This would certainly work with P4, if you're willing to accept the
premise that "English translated from Slovenian" is a different
"language" from "English" per se. P4 makes no firm guarantees about the
values you use for language identification. This is not so in P5 however.
In P5 you'd have to do something like "x-EN-SL" to show that the whole
thing is "privately defined". Or maybe you could persuade the world's
characterset geeks that EN-s-ENSL was meaningful. See further discussion
at http://www.tei-c.org/P5/Guidelines/CH.html#CHSH
Tomaz Erjavec wrote:
> Hi,
> another track could be that the language ids are extended, and you
> have e.g. (taken from the http://nl.ijs.si/elan/ corpus):
>
> <language id="sl-en">Translation from Slovene to English</language>
> <language id="en-sl">Translation from English to Slovene</language>
> <language id="sl">Slovene</language> <!--SLAVIC-->
> <language id="en">English</language> <!--GERMANIC-->
>
> An objection would be that the processing software couldn't easily
> know that 'sl-en' is in fact 'en'; but if you add a corresp (sameAs?),
> e.g.
>
> <language id="sl-en" corresp="en">Translation from Slovene to English</language>
>
> then the complexity for processing an element marked with @lang
> is only a little greater:
>
> <xsl:if test="@lang=$lang or id(@lang)/@corresp=$lang">...</xsl:if>
>
> I didn't test the above, so I can only hope it actually works..

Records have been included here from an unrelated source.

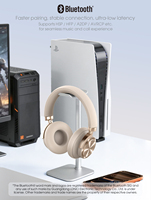 Headphone Nirkabel LDNIO H03 Harga Pabrik ANC On-Ear Bluetooth 6.0 Baterai 108 Jam 2.4GHz Latensi Rendah Headset Gaming dengan Mikrofon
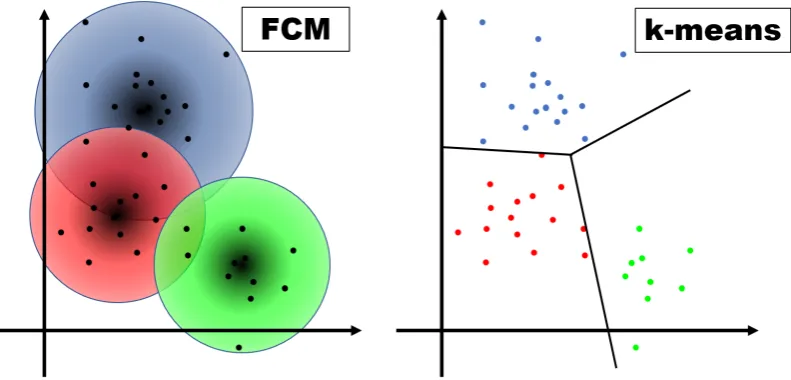 Figure 2: Simpliﬁed representation on how FCM and k-means algorithms cluster the data.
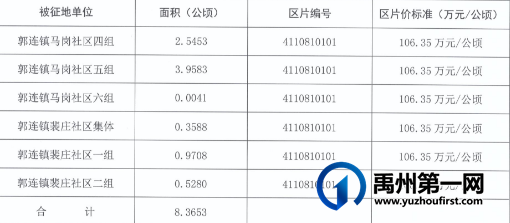 拆!拆!拆!2023禹州连发公告,这次土地补偿款近900万元! 拆!拆!拆!2023禹州连发公告,这次土地补偿款近900万元!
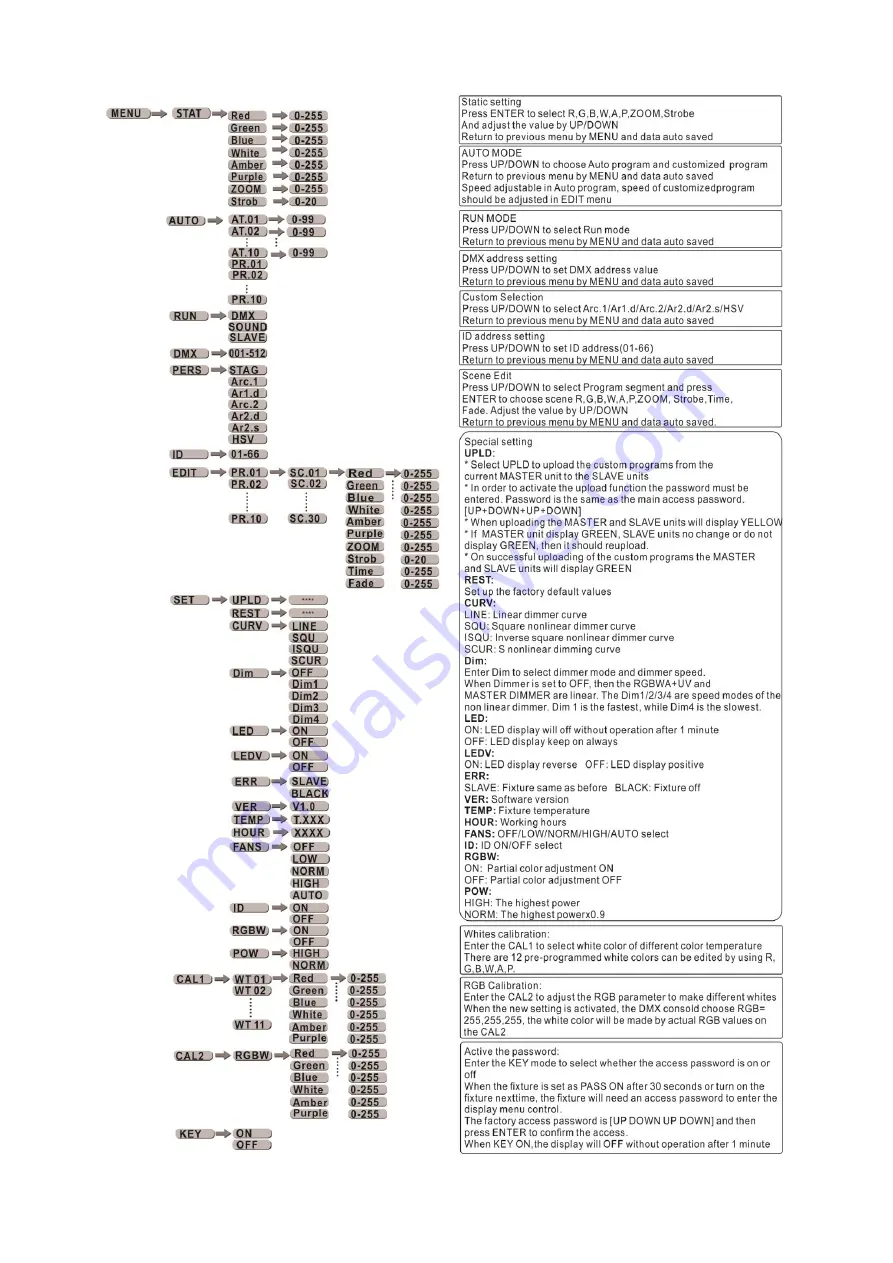 Nicols PAR LED 1418 Z IP User Manual Download Page 16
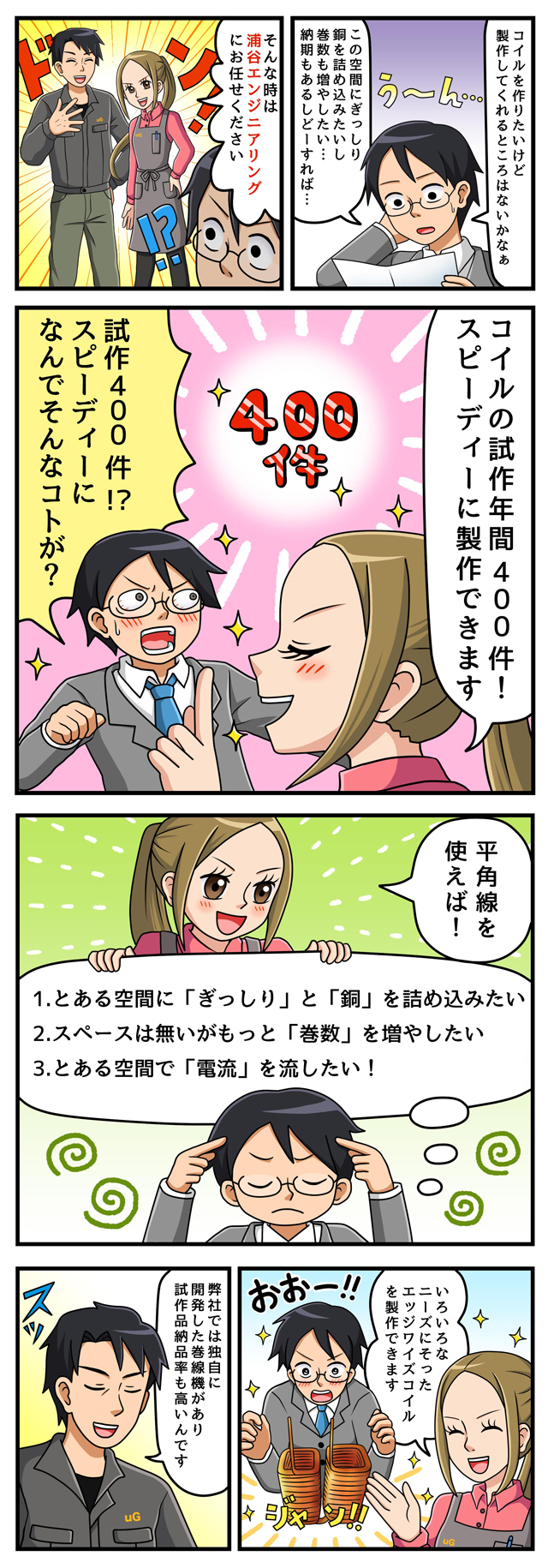 漫画で見る試作品を作るまでの手順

> Still, I can see the objection that this would break generic
> stylesheets that rely on the lang attribute indicating the actual
> language of the element.
>
> Best,
> Tomaz
>
>
> <
> Peter Flynn writes:
> > On Wed, 2006-01-04 at 15:36, Lou Burnard wrote:
> > > Peter Flynn wrote:
> > >
> > > >>I think the only way to do this cleanly with P4 would be to add a <note>
> > > >>to the <notesStmt> saying something like "Translated from the Spanish"
> > > >>or whatever.
> > > >
> > > >
> > > > In the P4 interim, though, I need a machine-identifiable location (eg
> > > > an element or an attribute) for the language code, to assist in the
> > > > machine collation of the corpus.
> > > >
> > >
> > > hmm... how about
> > >
> > > <note>Translated from the <name xml:lang="es">español</name></note>
> >
> > That would certainly do it, although it's already clear from other text
> > that it's a translation. I just need something like source="es".
> >
> > ///Peter
>
>
|